A pergunta que se coloca, portanto, é: desde quando passamos a enterrar nossos mortos de maneira ritualizada? Aqui cabe um parêntese. Sabemos hoje que a única característica que de fato nos aparta dos demais animais, aí incluídos os grandes símios, nossos parentes mais próximos, é o pensamento e o comportamento simbólico. Só a arqueologia pode responder tal questão. Quais são os indicadores arqueológicos que podem demonstrar comportamento simbólico em nossa linhagem evolutiva, a dos hominínios?
O primeiro deles é a descoberta em escavações arqueológicas de evidências materiais de estética e arte. Disso já tratamos em um artigo anterior publicado neste jornal em 20/04/2020. Resumidamente, pode-se dizer que as primeiras manifestações estéticas/artísticas datam de aproximadamente 130 mil anos e se deu pouco tempo depois do surgimento do Homo sapiens, o que ocorreu há cerca de 200 mil anos. As evidências mais antigas de arte referem-se a adornamento corporal, incluindo aí a pintura do corpo, bem como adereços corporais, como colares e pulseiras. Entretanto, pesquisas mais recentes vêm sugerindo, ainda que de forma questionável, que os neandertais também podem ter adornado seu corpo.

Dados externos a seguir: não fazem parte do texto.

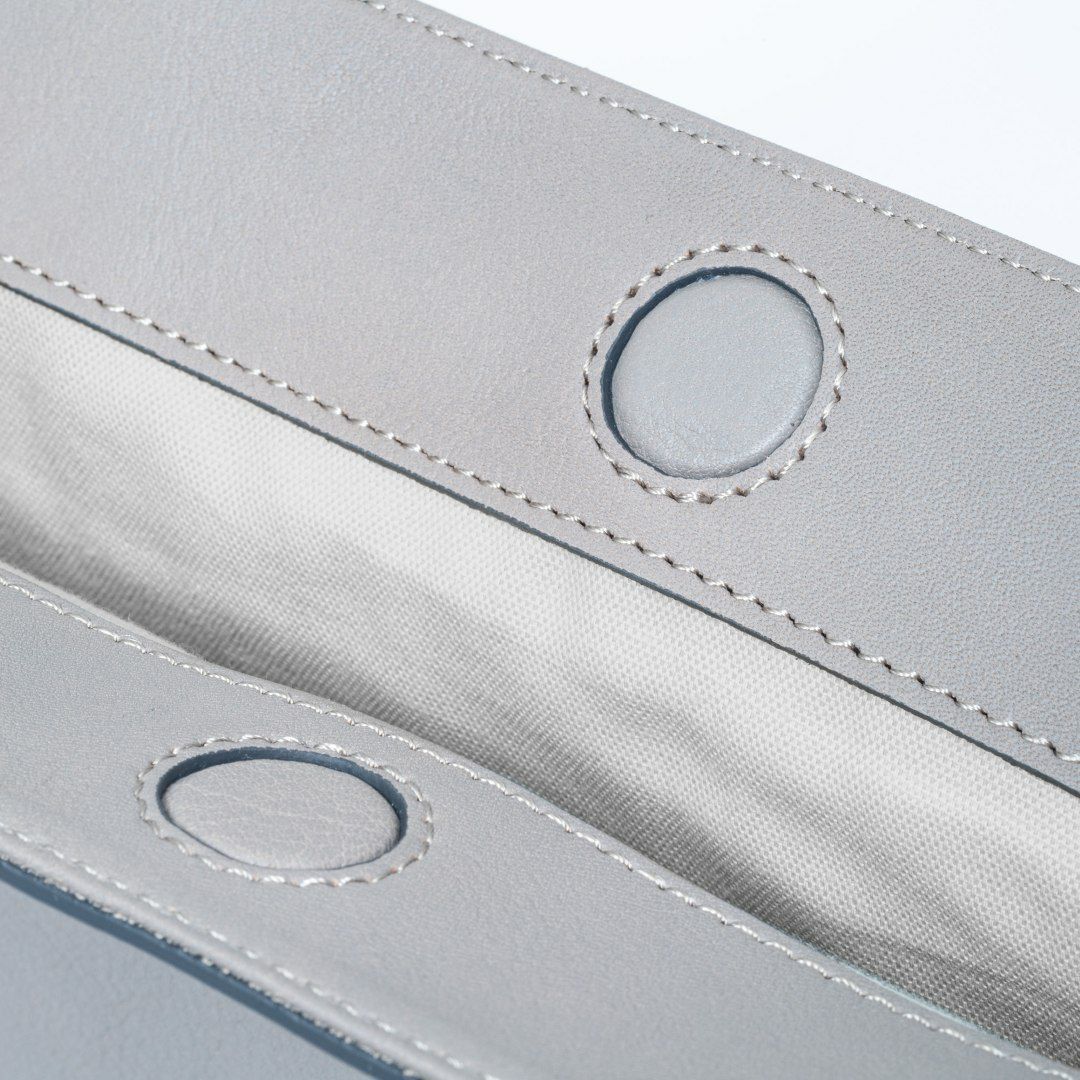 MARGARET HOWELL idea リドニー トート ライトグレー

Já quanto a sepultamento ritualizado, as evidências arqueológicas mostram que esse comportamento deve ter começado, também, por volta de 130 mil anos, no seio da evolução de nossa espécie, coincidindo, portanto, com o mesmo marco temporal das manifestações artísticas. Ocorre que nesse caso esse comportamento parece ser exclusivamente uma propriedade do Homo sapiens.
Um dos autores deste artigo, Lukas Blumrich, efetuou, recentemente, uma vasta revisão crítica da literatura sobre possíveis sepultamentos neandertais. Concluiu que em mais de 20 sítios arqueológicos nos quais restos esqueletais neandertais foram encontrados, apenas 2 ou 3 podem, com certa licenciosidade poética, terem sido sepultados propositalmente por mãos humanas e não por processos naturais, como por exemplo, o colapso de blocos rochosos que se desprenderam do teto das cavernas que ocuparam. Mais importante, ainda, é que nesses poucos casos, não há a mais mínima evidência de ritualização. Portanto, é possível que os neandertais sepultassem seus mortos ocasionalmente, muito provavelmente de forma instintiva, como fazem alguns animais sobre os quais tratamos no início deste artigo, sem qualquer ligação com uma suposta crença numa vida post-mortem.

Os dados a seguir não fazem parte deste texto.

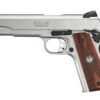 76601_SZHNZ9 Ruger SR1911 .45 ACP Stainless Pistol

Portanto, tanto as evidências estéticas/artísticas como as de sepultamentos ritualizados convergem para o fato de que a existência de algo que podemos chamar de humanidade no planeta remete-se a uma temporalidade modesta de cerca de 130 mil anos (nossa linhagem evolutiva começou seu percurso exclusivo por volta de 7 milhões de anos) e que a fase final do processo de humanização se deu no seio da espécie Homo sapiens, à qual todos pertencemos.